**ABOUT THIS TASK**: Exactly as they appear, transcribe the entries and skip any pictures.
[RECORDS FOR PROCESSING]
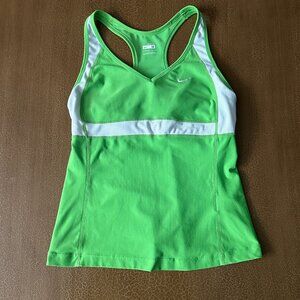 Nike Fit Dry Athletic Work Out Top - Size Medium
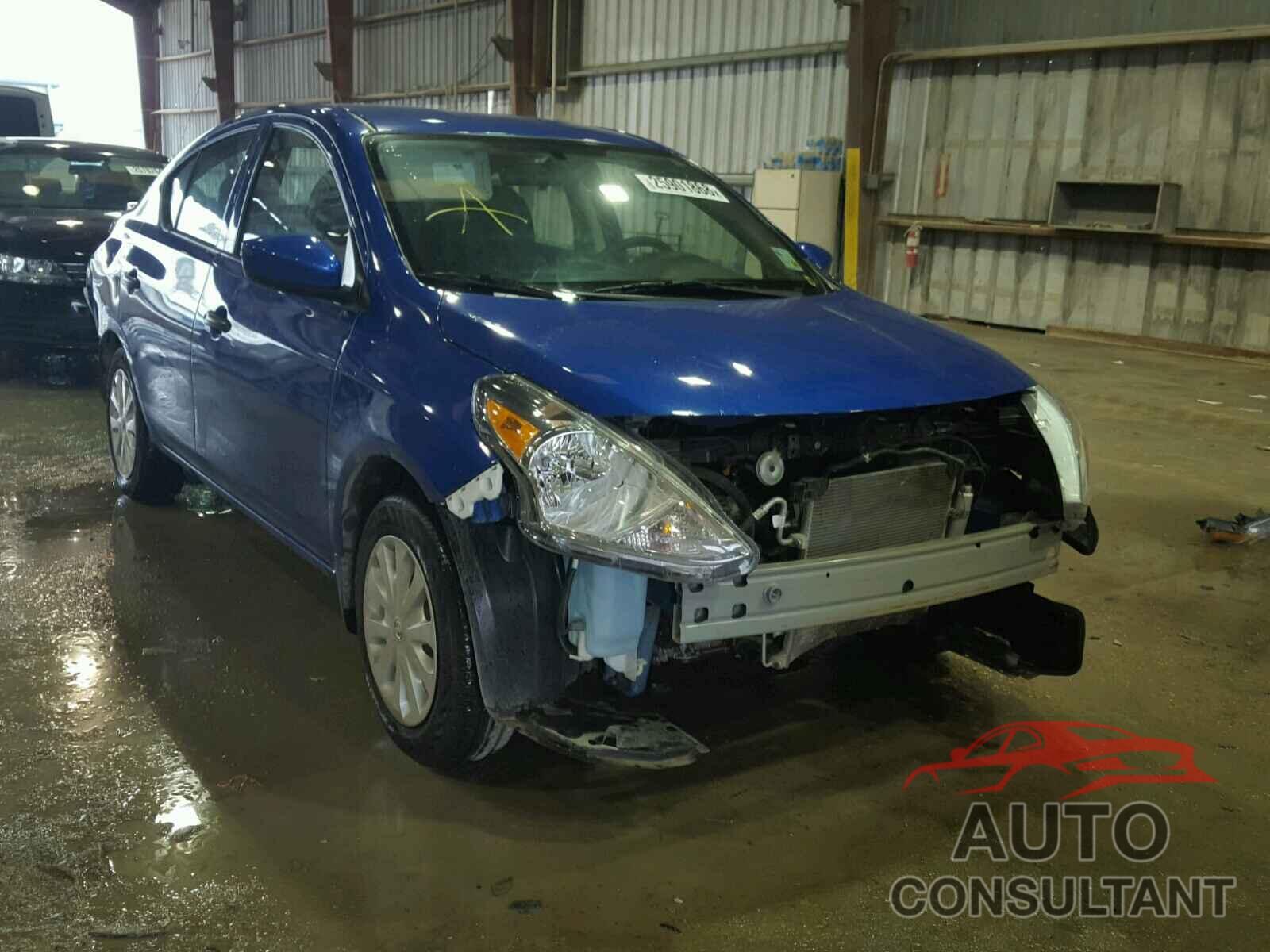 NISSAN VERSA 2017 - 3N1CN7AP3HL826572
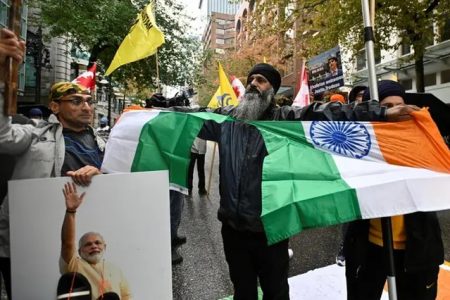 The Indian flag is torn during a protest outside India’s consulate, a week after Canada’s Prime Minister Justin Trudeau raised the prospect of New Delhi's involvement in the murder of Sikh separatist leader Hardeep Singh Nijjar, in Vancouver, British Columbia, Canada September 25, 2023. REUTERS/Jennifer Gauthier
Reuters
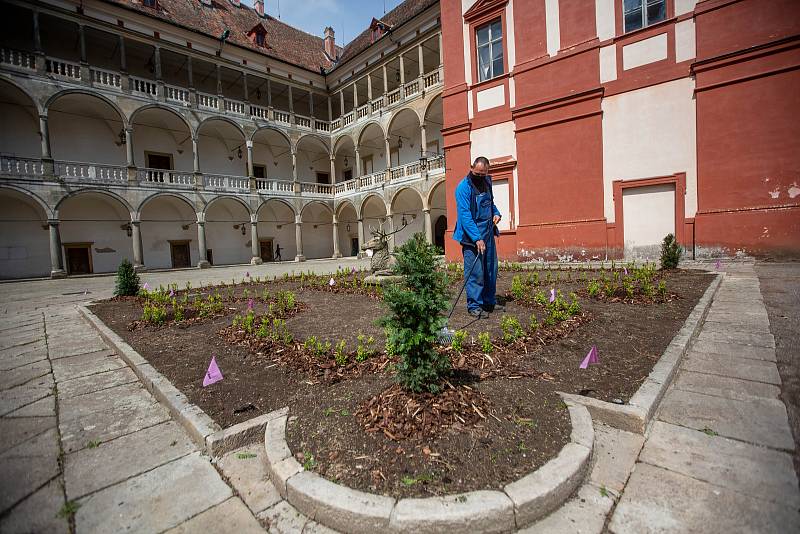 Jeleni na zámku v Opočně sedí na nových záhonech. Památka se tak připravuje na novou turistickou sezonu.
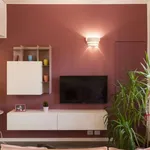 Rent 1 bedroom apartment of 80 m² in milan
[/RECORDS FOR PROCESSING]
**SOLUTION FOR THIS TASK**:
 Nike Fit Dry Athletic Work Out Top - Size Medium
 NISSAN VERSA 2017 - 3N1CN7AP3HL826572
 The Indian flag is torn during a protest outside India’s consulate, a week after Canada’s Prime Minister Justin Trudeau raised the prospect of New Delhi's involvement in the murder of Sikh separatist leader Hardeep Singh Nijjar, in Vancouver, British Columbia, Canada September 25, 2023. REUTERS/Jennifer Gauthier
Reuters
 Jeleni na zámku v Opočně sedí na nových záhonech. Památka se tak připravuje na novou turistickou sezonu.
 Rent 1 bedroom apartment of 80 m² in milan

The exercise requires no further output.